Ossoff is smart, has a “good heart” and will be dedicated to being a good senator, said Sarah Riggs Amico, a fellow Democrat who ran for lieutenant governor in Georgia in 2018 and challenged Ossoff in the Senate primaries .
“The reality is that government works best when there are people from a wide variety of backgrounds who come to the table,” he said.
Voter Kaitlynn Poborsky, 28, said she chose Ossoff because she was looking for change and a passionate senator to tackle coronavirus and climate change. He had no worries about his age.
“I think we need young people,” he said Tuesday in front of a polling station in downtown Atlanta. “The people in charge are too old.”
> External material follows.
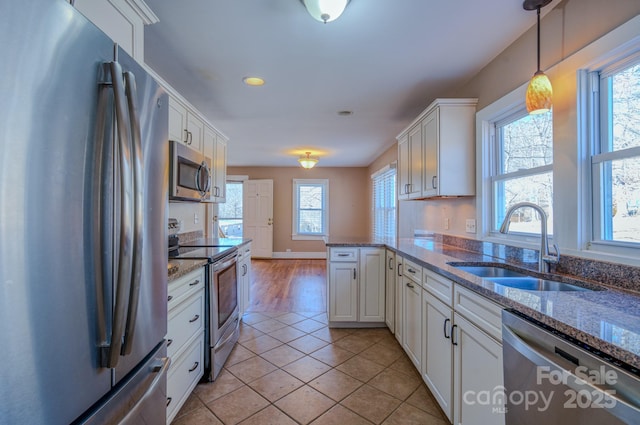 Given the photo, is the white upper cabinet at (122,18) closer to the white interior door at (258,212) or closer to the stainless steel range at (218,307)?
the stainless steel range at (218,307)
Ossoff said his first career taught him the importance of doing grassroots campaigns and ignoring “the painting by numbers, nonsense of garden varieties that the Republican Party throws at me.”
“I don’t pay any attention to it and I really wouldn’t mind less what they say,” he told the AP last month. His campaign rejected an interview request on Wednesday.
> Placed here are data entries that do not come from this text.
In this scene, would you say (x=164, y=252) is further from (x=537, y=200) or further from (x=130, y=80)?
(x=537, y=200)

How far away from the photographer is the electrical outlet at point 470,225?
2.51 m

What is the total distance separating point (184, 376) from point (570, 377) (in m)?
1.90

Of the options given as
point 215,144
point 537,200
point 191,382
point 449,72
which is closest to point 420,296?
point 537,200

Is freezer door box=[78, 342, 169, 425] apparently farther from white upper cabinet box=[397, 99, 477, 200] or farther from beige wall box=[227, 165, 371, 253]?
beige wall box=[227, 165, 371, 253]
Raised in a wealthy Atlanta family, Ossoff was 16 when he read Lewis’s memoirs on the civil rights movement, “Walking With the Wind.” He wrote a letter to Lewis and offered him a summer job.
Lewis referred him to Hank Johnson, an Atlanta area attorney who appeared in Congress in 2006. Ossoff, a graduate of Georgetown University, became the fourth member of Johnson’s campaign staff. Lewis would continue to be a mentor.
Ossoff worked for five years on Johnson’s staff in Washington. In 2013, after Ossoff inherited money from his late grandfather, he invested in a small London-based film producer. Insight TWI funds research documentaries and sells them to broadcasters, including the BBC. Ossoff is the CEO of the company.
In a victory speech early Wednesday, Ossoff said he would follow Lewis’ example. The Georgia Democrat died last year after serving in Congress for more than three decades.
“This campaign has been about health, jobs and justice for the people of the state, for all the people of the state,” he said. “And they will be my guiding principles while serving this state in the United States Senate.”
___
Associated Press journalist Haleluya Hadero contributed to this report.